Medvedev goes after state corporations

GlobalPost
The World

There are some potentially big changes happening in Russia – ones that will either shake up the country’s stagnant economy or shake up its political landscape. Or both. Or neither. Either way, it’s worth parsing what’s going on.

On Wednesday, President Dmitry Medvedev said government ministers should no longer hold seats on the boards of state-run companies because it harms the country’s investment climate. The presence of Russia’s top government officials on company boards has long been a symbol of the state’s overwhelming control over the economy (before Putin moved him to the Kremlin, Medvedev, then a first deputy prime minister, chaired Gazprom’s board).

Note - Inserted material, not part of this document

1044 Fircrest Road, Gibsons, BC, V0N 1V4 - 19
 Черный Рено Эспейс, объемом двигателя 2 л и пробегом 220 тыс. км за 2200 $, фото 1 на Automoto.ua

Today, Medvedev’s chief economic advisor, Arkady Dvorkovich, made it known that Medvedev was serious. Finance Minister Alexei Kudrin (chairman of VTB Bank) and Deputy Prime Minister Igor Sechin (chairman of oil giant Rosneft) could be among the first to go, he said. Some have taken the statement as a blow against Sechin, one of the most powerful, and secretive, of state officials and a close Putin ally. Was this a pre-election blow against Putin’s main man, just one year before the vote is due to be held? The speculation of a rift between Putin and Medvedev, or at least between their two groups of supporters, has grown so loud that the Communist Party put together this video, to the tune of disaster film 2012:

Medvedev and Dvorkovich, leading relative “liberals” in the Russian political sphere, have made attracting much-needed foreign investment a key cause. But will the move be meaningful, or simple superficial? Will it work to improve transparency or, on the other hand, make it worse?

Take Gazprom for example – its CEO is Alexei Miller, an old St Petersburg friend of Putin’s who had zero experience in the energy sector when Putin appointed him to the country’s leading moneymaker. He is believed to act as little more than a figurehead for the firm. Bureaucrats don’t need official titles to wield influence, as Dvorkovich himself noted.